(Crossposted from MidWittgenstein (as part of my lame resolution to write more this year))
This is a post about what I see as a bit of a confusion in some Decision Theory arguments. It touches on FDT criticisms of CDT/EDT so I wanted to post here in case I've misunderstood something about FDT and can get some pushback from people more familiar. Edited slightly, but the tone/style is probably not very LessWrong-y though so apologies
I think there’s a lot of cross-talk and confusion around how different decision theories approach a class of decision problems, specifically in the criticisms FDT proponents have of more established theories. I want to briefly go through why I think these disagreements come from some muddy abstractions (namely, treating agents in a decision problem as one homogenous/continuous agent rather than multiple distinct agents at different timesteps). I think spelling this out explicitly shows why FDT is a bit confused in its criticisms of more “standard” recommendations, and moreover why the evidence in favour of it (outperforming on certain problems) ends up actually being a kind of circular argument.
I’m going to mostly focus on FDT vs EDT here, because I think the misunderstanding FDT has is pretty much the same when compared to either EDT or CDT, and I personally like EDT more. The rough TL;DR of what I want to say is:
Part 1: The First Part
It’s an overwhelmingly natural intuition to think of future and past (and counterfactual) versions of you as “you” in a very fundamental sense. It’s a whole other can of worms as to why, but it feels pretty hard-coded into us that the person who e.g. is standing on the stage tomorrow in Newcomb’s problem is the exact same agent as you. This is a very useful abstraction that works so well partly because other versions of you are so well aligned with you, and so similar to you. But from a bottom-up perspective they’re distinct agents - they tend to work pretty well together, but there’s no a priori reason why they should judge the same choices in the same way, or even have the same preferences/utility functions. There are toy models where they clearly don’t e.g. if you for some reason only ever care about immediate reward at any timestep.
It’s a distinction that’s usually so inconsequential as to be pretty ignorable (unless you’re trying to rationalise your procrastination), but a lot of the thornier decision problems that split people into camps are - I think - largely deriving their forcefulness from this distinction being so swept under the rug. Loosely speaking, the problems work by driving a wedge between what’s good for some agents in the set-up and what’s good for others, and by applying this fuzzy abstraction we lose track of this and see what looks like a single agent doing sub-optimally for themselves, rather than mis-aligned agents not perfectly co-operating.
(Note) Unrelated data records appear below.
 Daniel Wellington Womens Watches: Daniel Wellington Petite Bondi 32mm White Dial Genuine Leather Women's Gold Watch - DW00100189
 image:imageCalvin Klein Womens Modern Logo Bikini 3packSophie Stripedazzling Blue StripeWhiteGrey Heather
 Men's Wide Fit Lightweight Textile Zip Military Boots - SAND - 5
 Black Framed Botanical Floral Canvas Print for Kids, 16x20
To spell it out, let’s consider two flavours of a fun thought experiment:
Single-agent Counterfactual coin-toss
You’re offered a fair coin toss on which you would win $2 on Heads if and only if it’s predicted (by a virtually omniscient predictor etc.) that you would pay $1 on Tails. You agree to the game and the coin lands Tails - what do you do?
I think this thought experiment is one of the cleanest separator of the intuitions of various decision theories - CDT obviously refuses to pay, reasoning that it causes them to win $1. EDT agrees with the answer but reasons differently: conditioned on all information they have - including the fact that the coin is already definitely Tails - their expected value is greater if they don’t pay, so they don’t. FDT - as I understand it - pays however, since the ex-ante EV of your decision algorithm is higher if it pays on Tails (it expects to win $0.5 on average, whereas EDT and CDT both know they’ll get nothing on Heads because they know they won’t pay on Tails). This ability to “cooperate” with counterfactual versions of you is a large part of why people like FDT, while the fact that you feel like you’re “locally” giving up free money on certain branches when you know that’s the branch you’re on feels equally weird to others. I think the key to understanding what’s going on here is that the abstraction mentioned above - treating all of these branches as containing the same agent - is muddying the water.
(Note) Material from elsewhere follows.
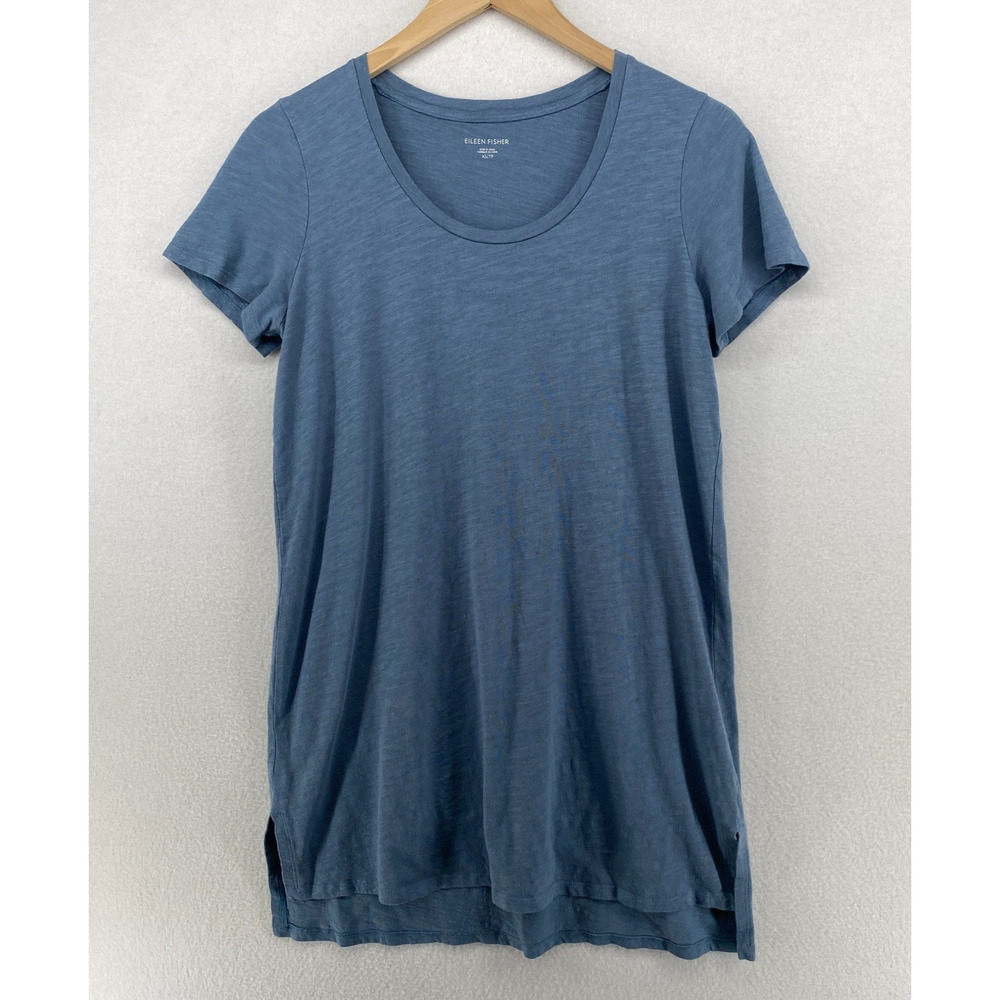 EILEEN FISHER Tunic XS Slub Organic Cotton Jersey Scoop Neck Short Sleeve Blue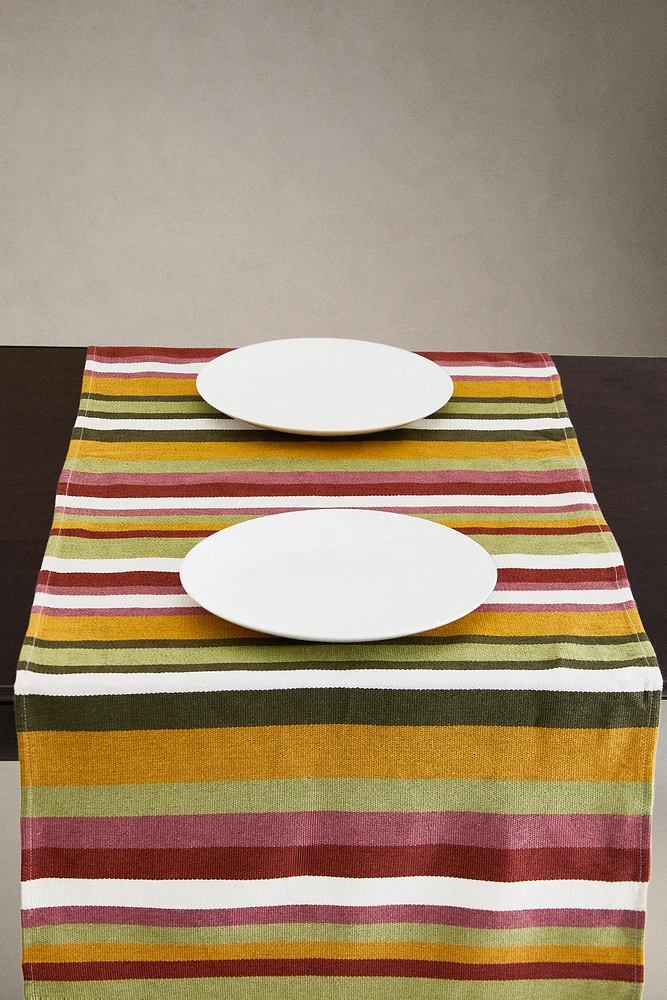 CHEMIN DE TABLE COTON RAYURES MULTICOLORES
Consider the much less interesting version of this problem:
Multi-agent Counterfactual coin-toss
Alice gets offered the coin toss, and Bob will get paid $2 on heads iff it’s predicted that Clare will pay $1 on Tails. Assume also that:
Alice cares equally about Bob and Clare, whereas Bob and Clare care only about themselves
What do the various agents think in this case? Alice thinks that this is a pretty good deal and wants Clare to pay on Tails, since it raises the EV across the set of people she cares about. Bob obviously thinks the deal is fantastic and that Clare should pay. Clare, however, understandably feels a bit screwed over and not inclined to play ball. If she cared about Bob’s ex-ante expected value from the coin-toss (i.e. she had the same preferences as Alice), she would pay, but she doesn’t, so she doesn’t.
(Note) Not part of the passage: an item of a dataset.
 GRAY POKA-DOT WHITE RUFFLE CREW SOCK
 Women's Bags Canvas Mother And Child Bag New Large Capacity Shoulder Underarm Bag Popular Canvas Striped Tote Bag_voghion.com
A key point I want to make is that we can think of the single-agent coin-toss involving just “you” as actually being the same as a multi-agent coin-toss, just with Alice, Bob, and Clare being more similar and related in a bunch of causal ways. If me-seeing-Tails is a different agent to me-seeing-Heads is a different agent to me-before-the-toss, then it’s not necessarily irrational for “you” to not pay on Tails, or for “you” to not pay the Driver in Parfit’s Hitchhiker, because thinking of these agents as the same “you” that thought it was a great deal ex-ante and wanted to commit is just a convenient abstraction that breaks down here.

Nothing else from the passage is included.